### Work required
Write out an exact copy of the line containing "890 Wind Brook" and all lines that follow it in the data below, leaving out pictures.
━━━━━━━━━━━━━━━━━━━━━━━━━━━━━━
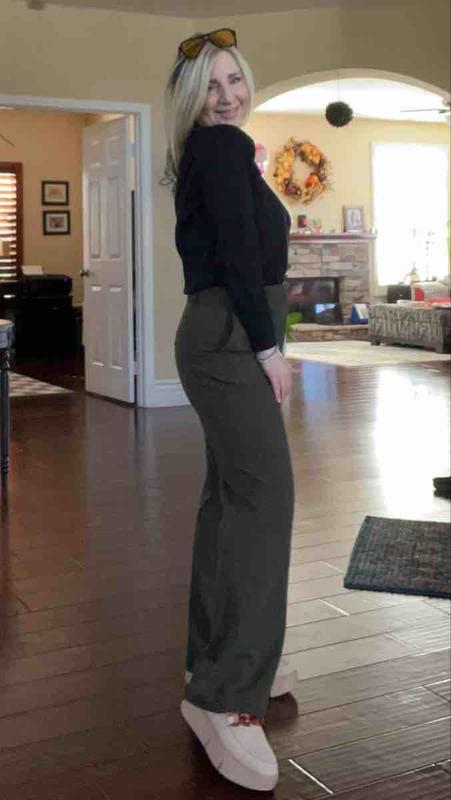 Review Thumbnail Image 0 232240700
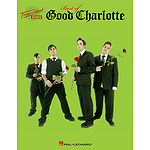 Best of Good Charlotte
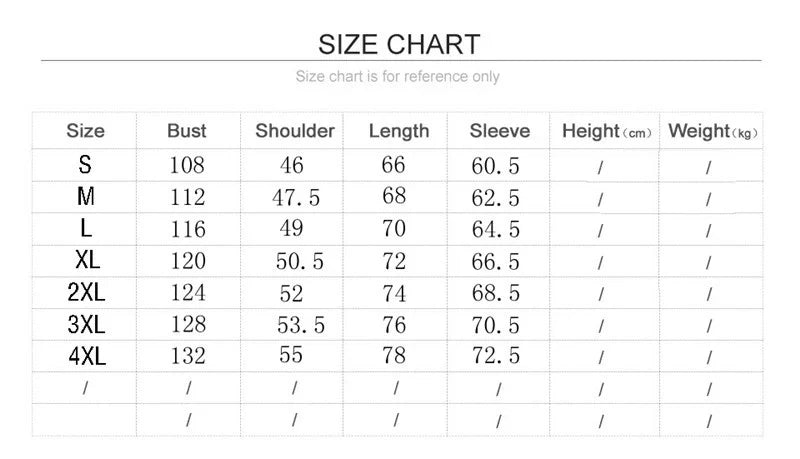 Retro Rock Arctic Monkeys Music Album Graphic Hoodies Men Vintage Oversized Y2k Hip Hop Hoodie Punk Sweatshirt Tour Plus size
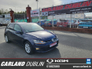 2016 VOLKSWAGEN GOLF (2yr warranty) 1.2 Petrol DSG Auto. Stock ID-349746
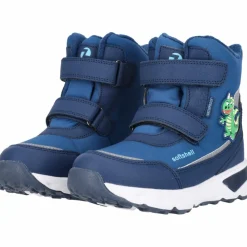 Sale · Hidol Kinder Boots & Stiefel|Winterschuhe
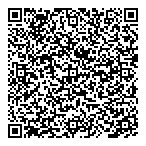 Lee Energy Systems Inc QR Card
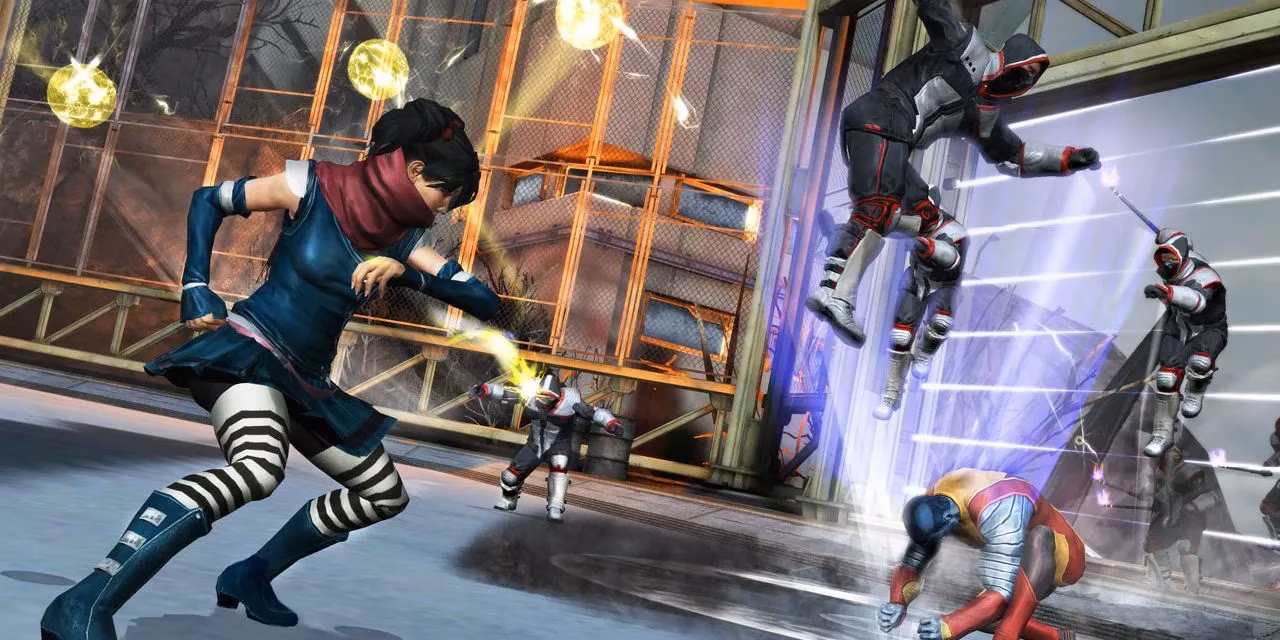 why-video-game-age-ratings-vary-wildly-across-platforms-image-6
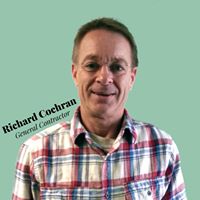 Richard Cochran Photo 50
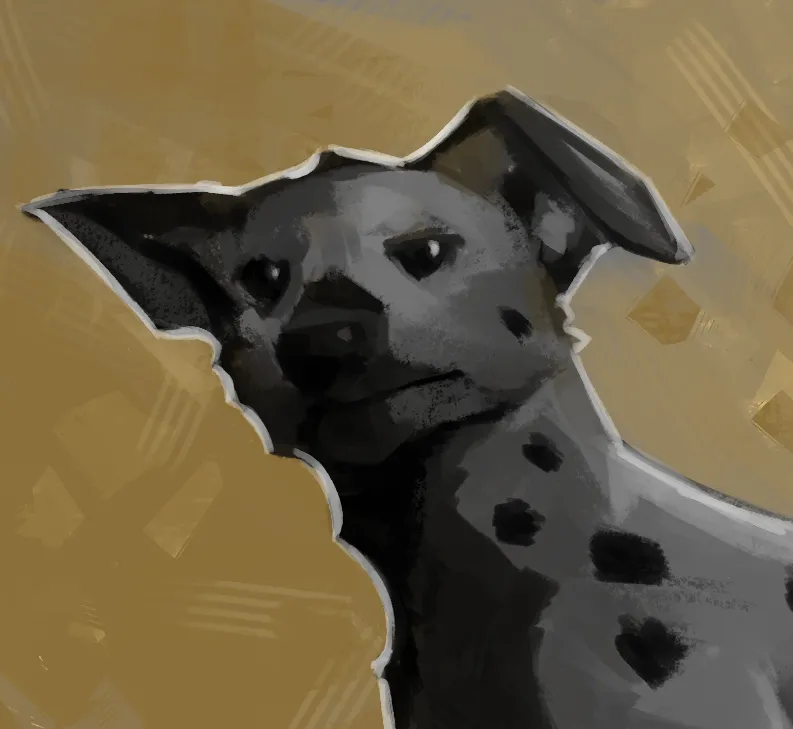 bsart avatar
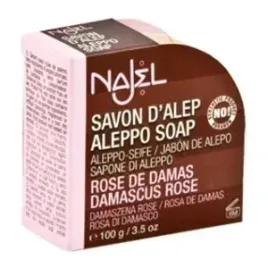 mydlo-aleppo-z-roza-damascenska-roza-12percent-100g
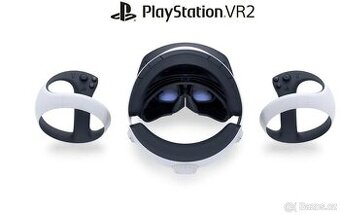 PS VR 2
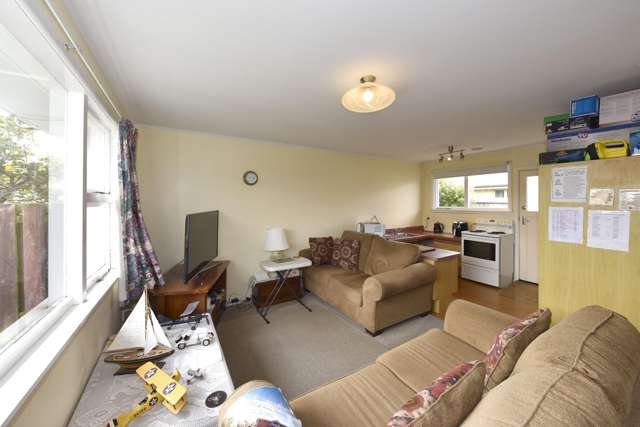 3/100 Southampton Street Sydenham_4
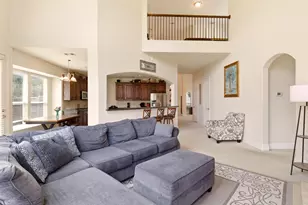 890 Wind Brook Ln, Prosper, TX 75078 - Photo 2
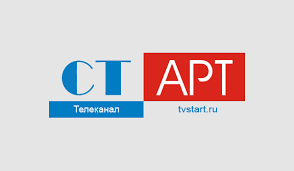 Tv Start Tv Start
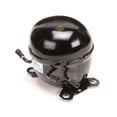 thumbnail image 1 of Hoshizaki Compressor 455942-01 - Genuine OEM Replacement Part, 1 of 4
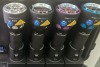 Complete Rofin Forensic 9-Head Polilight Flare+2 Forensic Light Source (Torch) Kit - Australian RRP $22,000 - 3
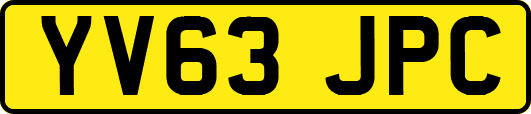 YV63JPC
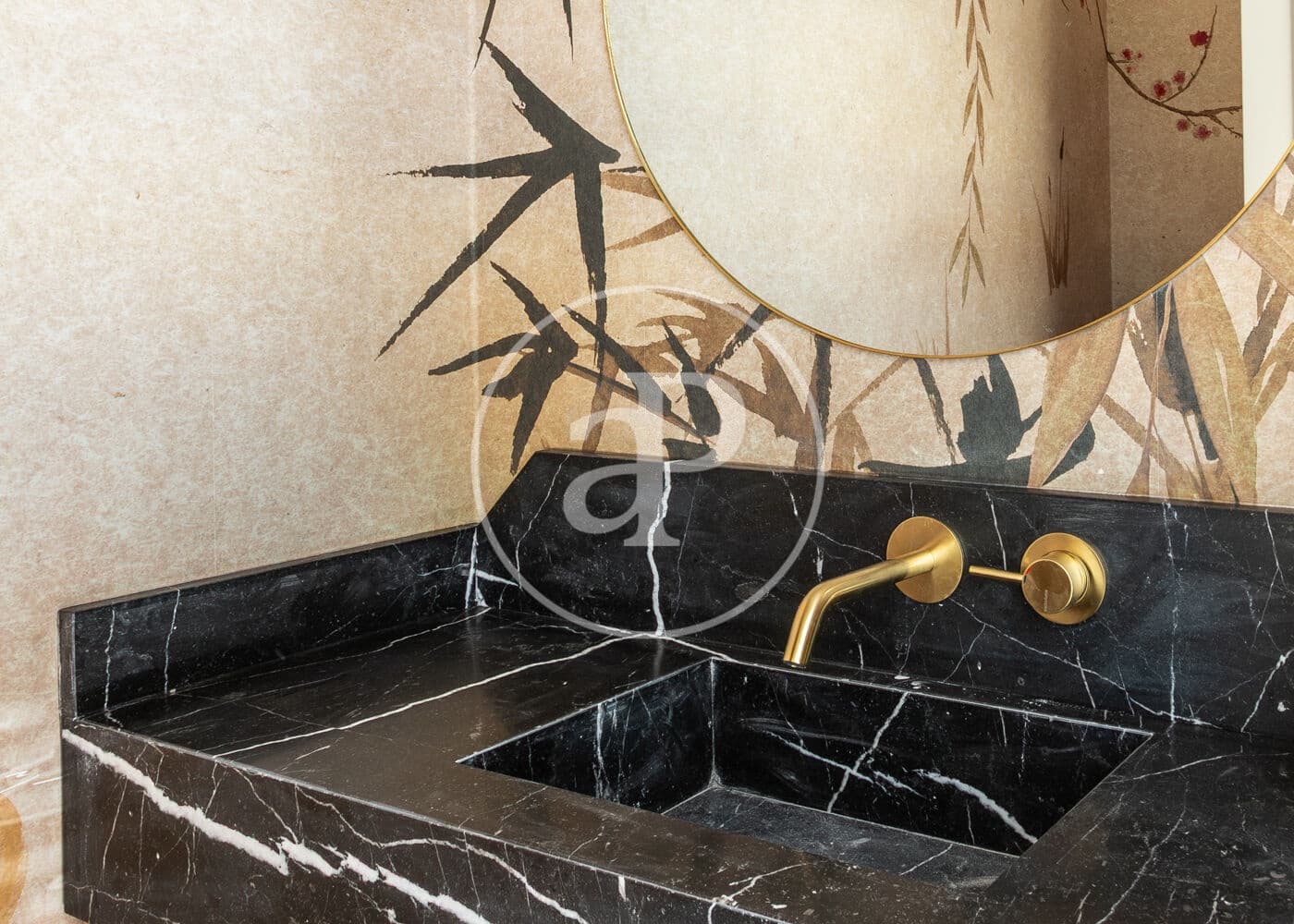 3 sovrum Lägenhet till salu i Madrid stad - 2 900 000 € (Ref: 9719972)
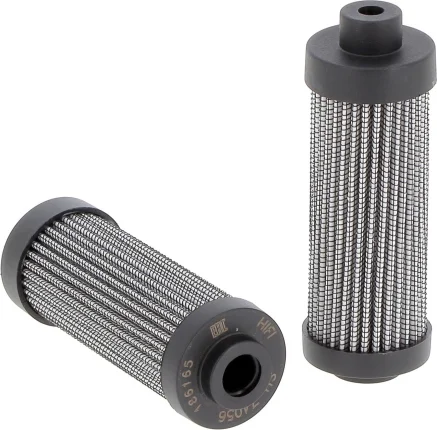 Hydraulický filter HIFI FILTER SH 74056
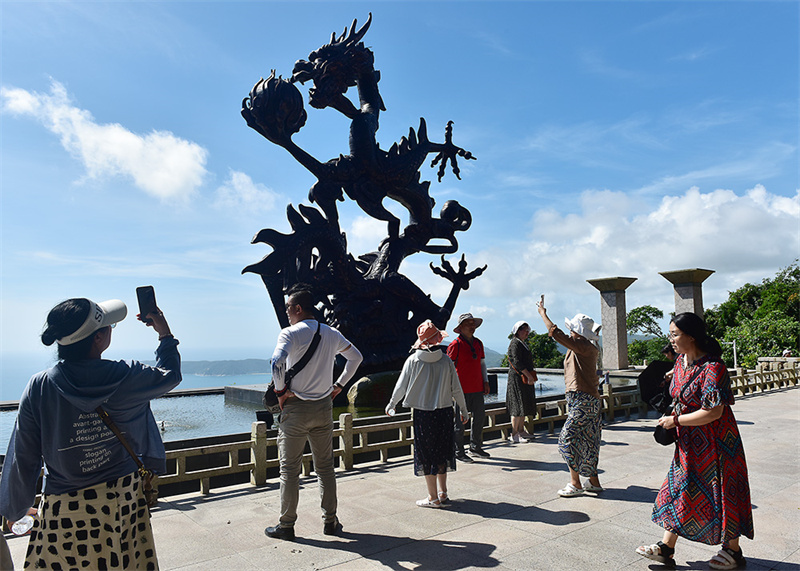 20231109170148_64662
━━━━━━━━━━━━━━━━━━━━━━━━━━━━━━
### Answer
 890 Wind Brook Ln, Prosper, TX 75078 - Photo 2
 Tv Start Tv Start
 thumbnail image 1 of Hoshizaki Compressor 455942-01 - Genuine OEM Replacement Part, 1 of 4
 Complete Rofin Forensic 9-Head Polilight Flare+2 Forensic Light Source (Torch) Kit - Australian RRP $22,000 - 3
 YV63JPC
 3 sovrum Lägenhet till salu i Madrid stad - 2 900 000 € (Ref: 9719972)
 Hydraulický filter HIFI FILTER SH 74056
 20231109170148_64662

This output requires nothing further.